## What needs to be done
Pictures stay out of the copy, and everything else in the data below is repeated exactly.
**** Input material
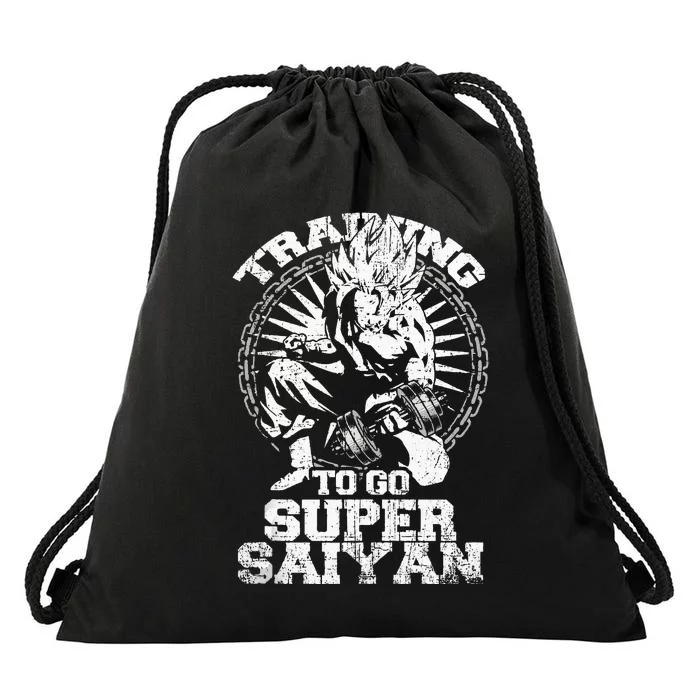 Anime Lover Bodybuilder Funny Workout Fitness Gym Gift Drawstring Bag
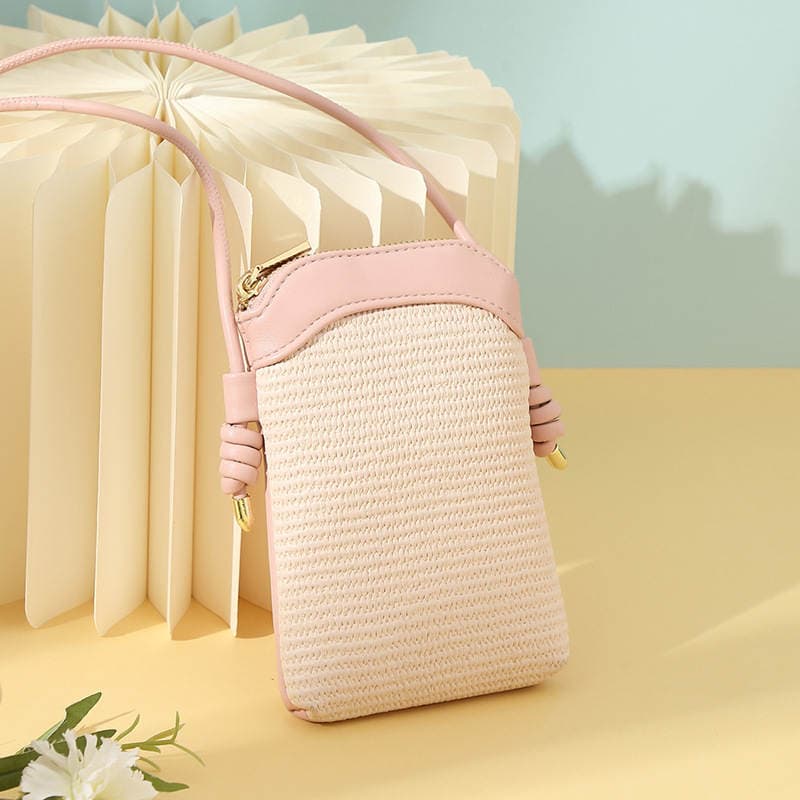 2026 New Crossbody Women's Bag Japanese Style Phone Bag Simple Mini Vertical Women's Multifunctional Wholesale Patchwork Shoulder Bag 1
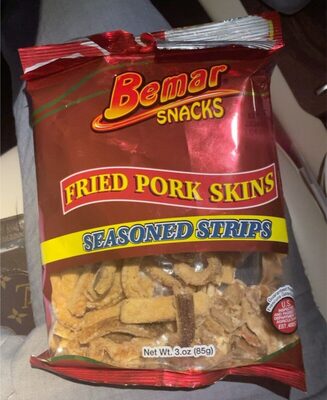 Seasoned Strips Fried Pork Skins, Seasoned Strips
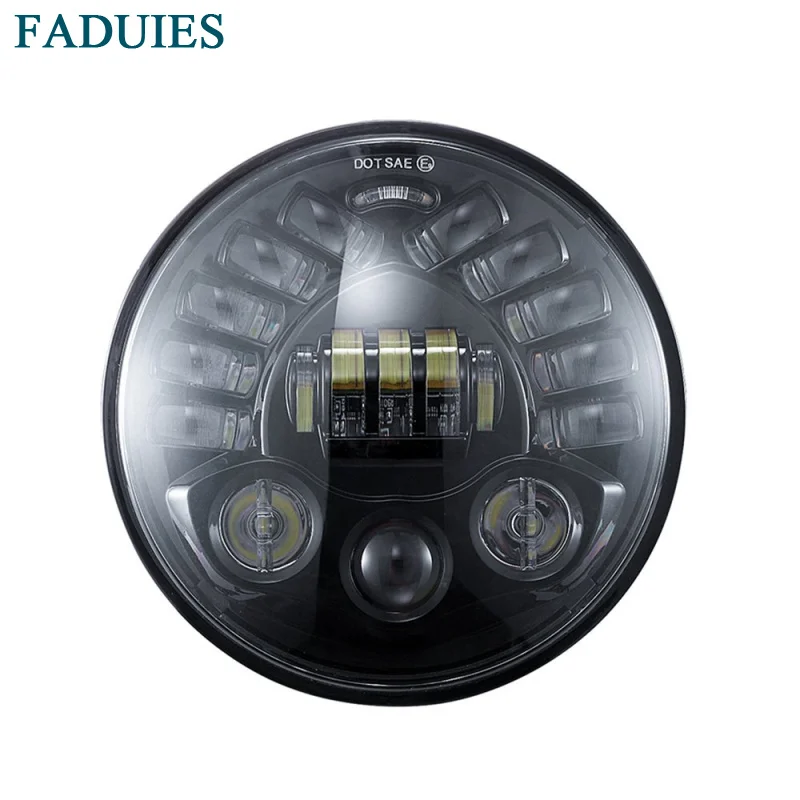7 inch Round Motorcycle Led Projector Daymaker Adaptive Headlight High Low Beam For Harley BMW R NineT R9T LED Headlamp (15)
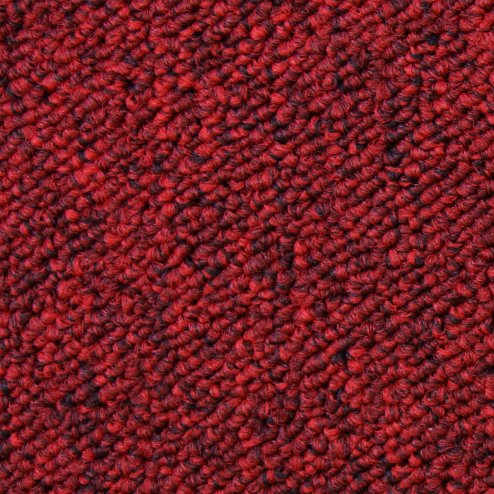 20 x Scarlet Red Carpet Tiles 5 Square Metres Commercial Hard Wearing Heavy Duty Domestic Premium Office Home Flooring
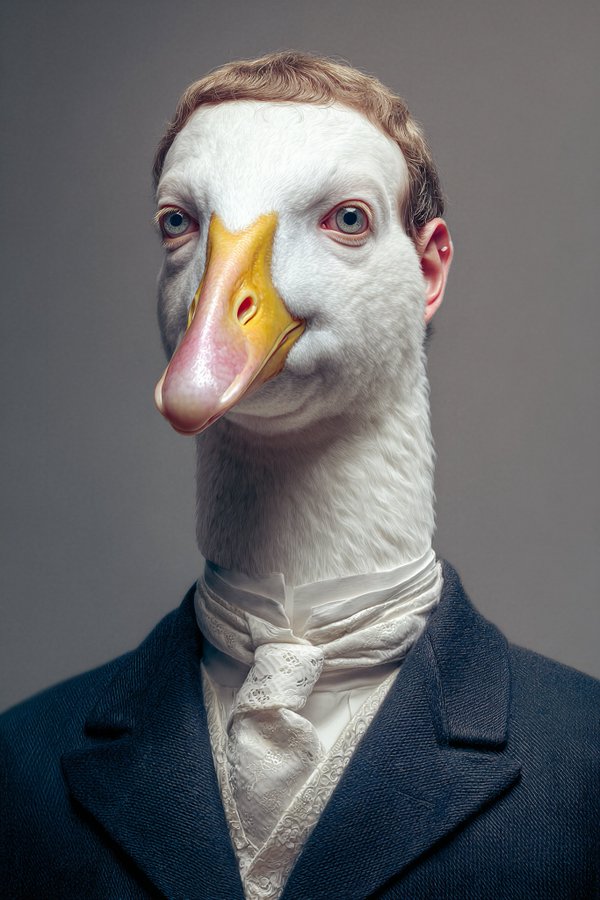 Chân dung nhân vật động vật chi tiết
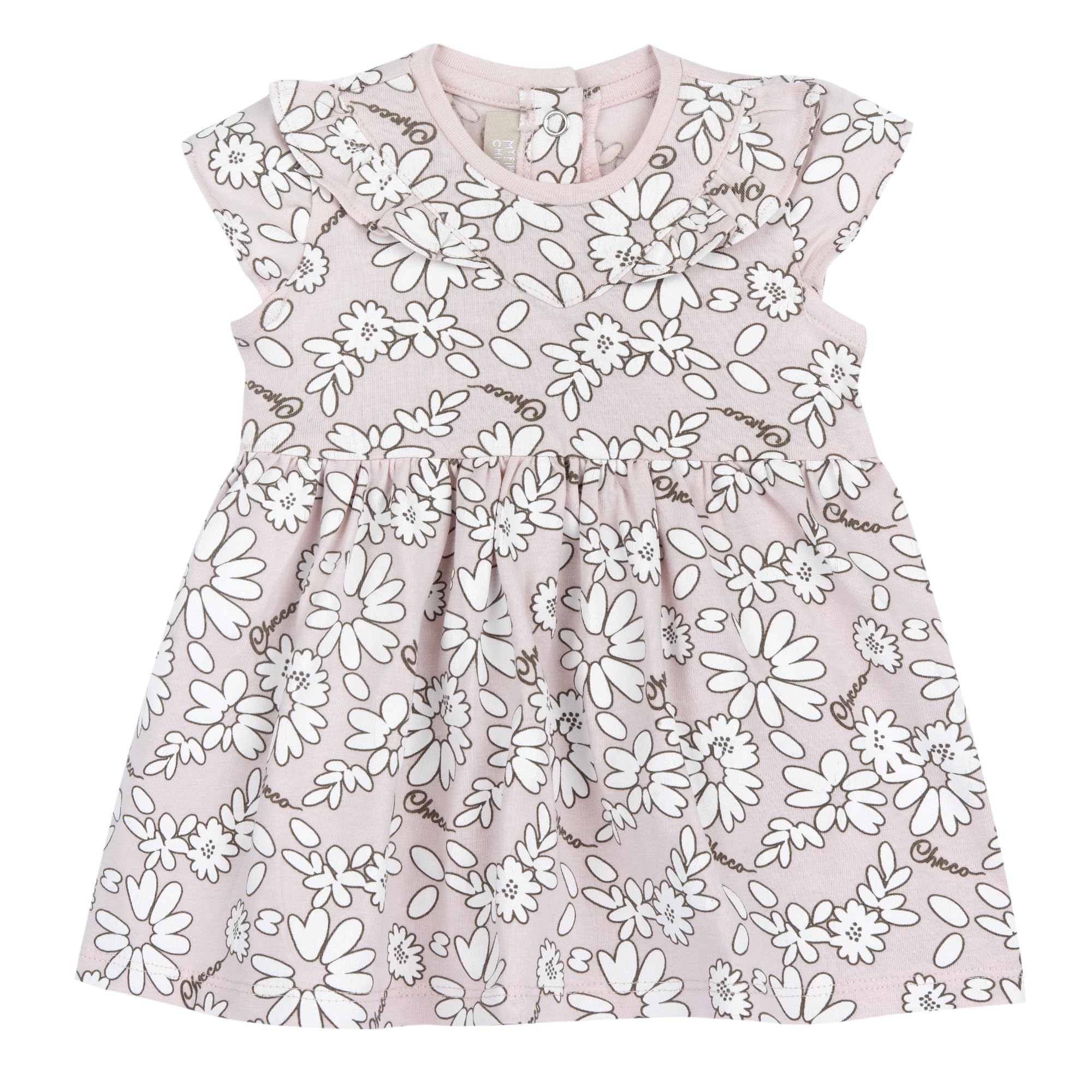 chicco-m-dchen-kleid-kurzarm-leichte-baumwolle-festkleid-designed-in-italy image 4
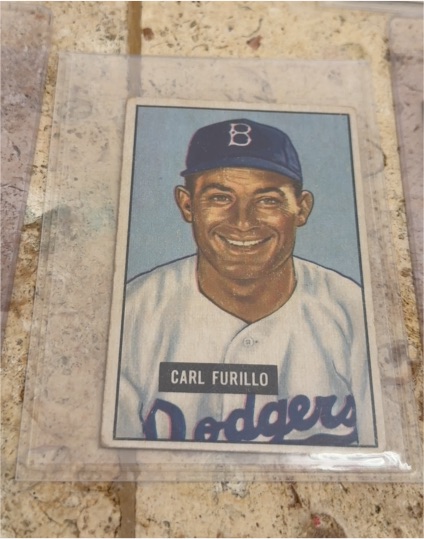 1951 Bowman #81 Carl Furillo — front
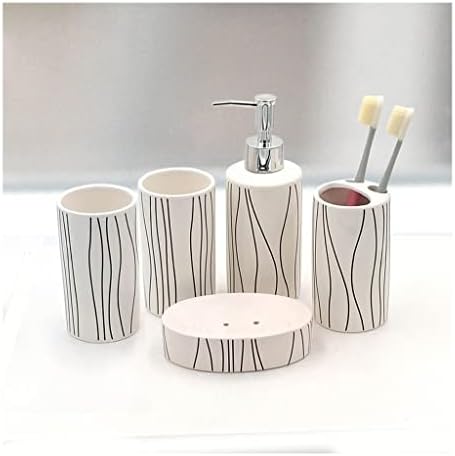 Bathroom Set 5-Piece Dispenser Collection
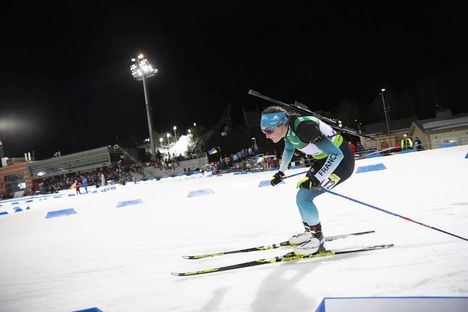 NordicFocus 20.02.2019, Minks-Raubichi, Belarus (BLR):Lou Jeanmonnot (FRA) - IBU Open European championships biathlon, individual women, Minsk-Raubichi (BLR). www.nordicfocus.com. © Manzoni/NordicFocus. Every downloaded picture is fee-liable.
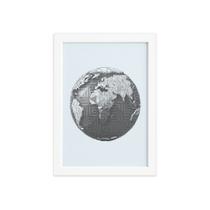 Quadro Safari Geométrico África Moldura Branca 33x43cm Quadro Safari Geométrico África Moldura Branca 33x43cm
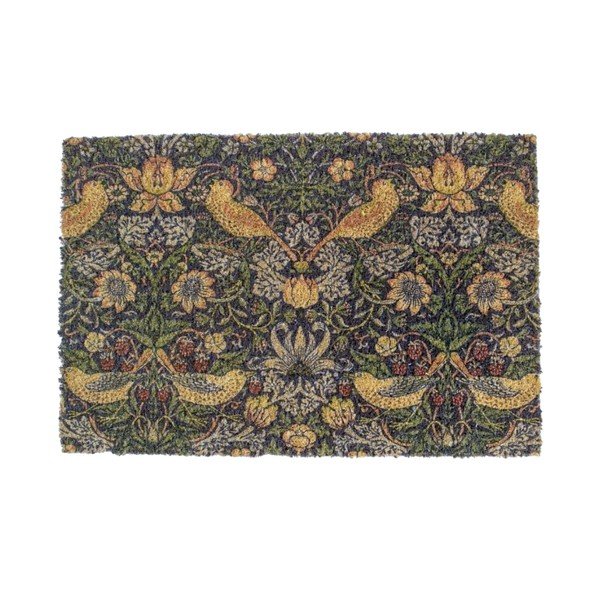 Covoraș de intrare din fibre de nucă de cocos 60x90 cm William Morris Strawberry Thief – Artsy Doormats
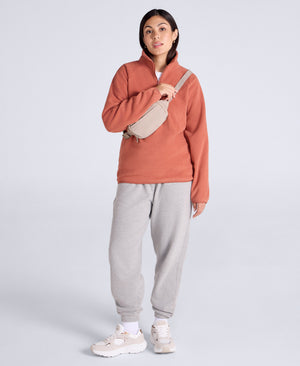 Stockholm Womens Half-Zip Fleece - Rust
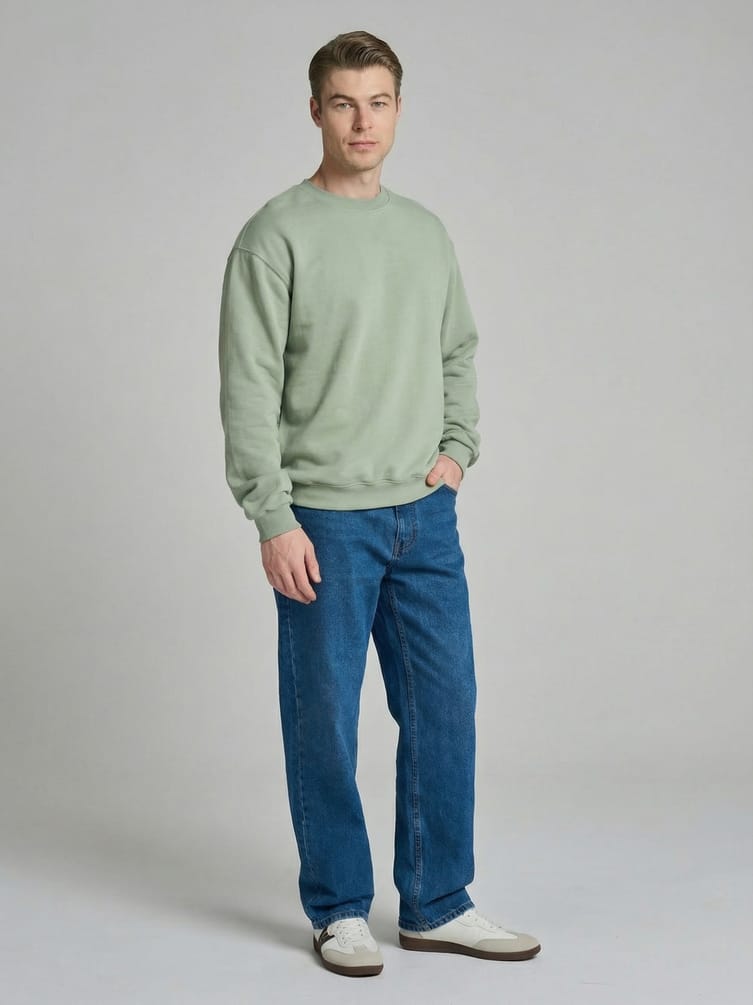 Свитшот базовый однотонный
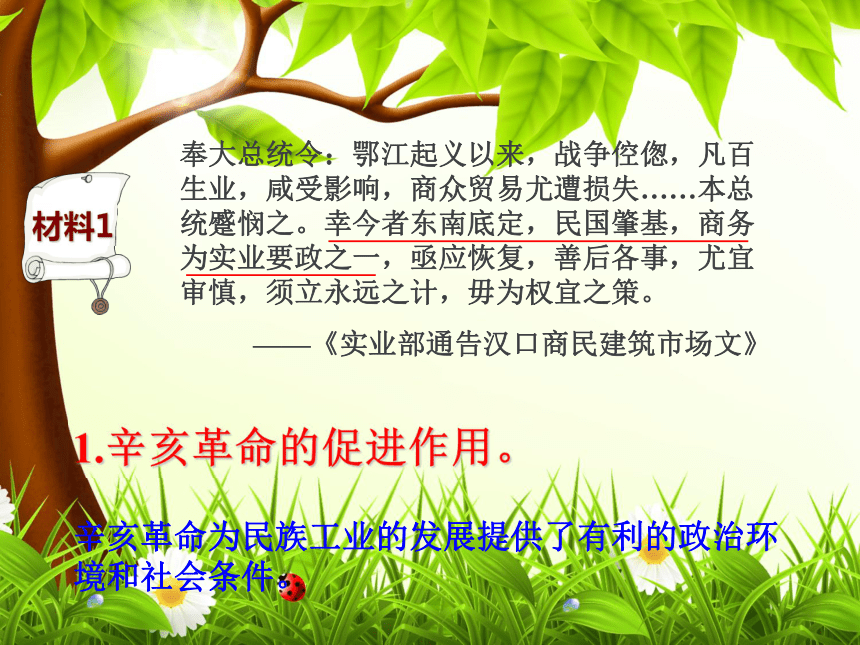高中历史（人教新课标版）必修二 课件 第10课：中国民族资本主义的曲折发展 （共36张PPT）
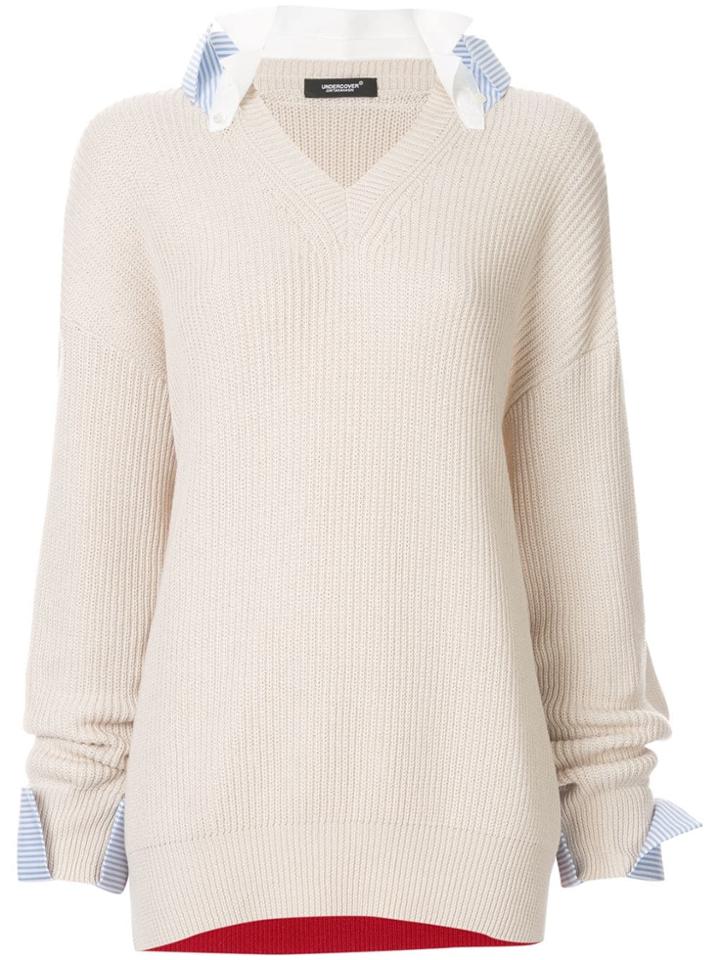 Undercover Ribbed Layered Sweater - Do Not Use - Beige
********
## Answer box
 Anime Lover Bodybuilder Funny Workout Fitness Gym Gift Drawstring Bag
 2026 New Crossbody Women's Bag Japanese Style Phone Bag Simple Mini Vertical Women's Multifunctional Wholesale Patchwork Shoulder Bag 1
 Seasoned Strips Fried Pork Skins, Seasoned Strips
7 inch Round Motorcycle Led Projector Daymaker Adaptive Headlight High Low Beam For Harley BMW R NineT R9T LED Headlamp (15)
 20 x Scarlet Red Carpet Tiles 5 Square Metres Commercial Hard Wearing Heavy Duty Domestic Premium Office Home Flooring
 Chân dung nhân vật động vật chi tiết
 chicco-m-dchen-kleid-kurzarm-leichte-baumwolle-festkleid-designed-in-italy image 4
 1951 Bowman #81 Carl Furillo — front
 Bathroom Set 5-Piece Dispenser Collection
 NordicFocus 20.02.2019, Minks-Raubichi, Belarus (BLR):Lou Jeanmonnot (FRA) - IBU Open European championships biathlon, individual women, Minsk-Raubichi (BLR). www.nordicfocus.com. © Manzoni/NordicFocus. Every downloaded picture is fee-liable.
 Quadro Safari Geométrico África Moldura Branca 33x43cm Quadro Safari Geométrico África Moldura Branca 33x43cm
 Covoraș de intrare din fibre de nucă de cocos 60x90 cm William Morris Strawberry Thief – Artsy Doormats
 Stockholm Womens Half-Zip Fleece - Rust
 Свитшот базовый однотонный
高中历史（人教新课标版）必修二 课件 第10课：中国民族资本主义的曲折发展 （共36张PPT）
 Undercover Ribbed Layered Sweater - Do Not Use - Beige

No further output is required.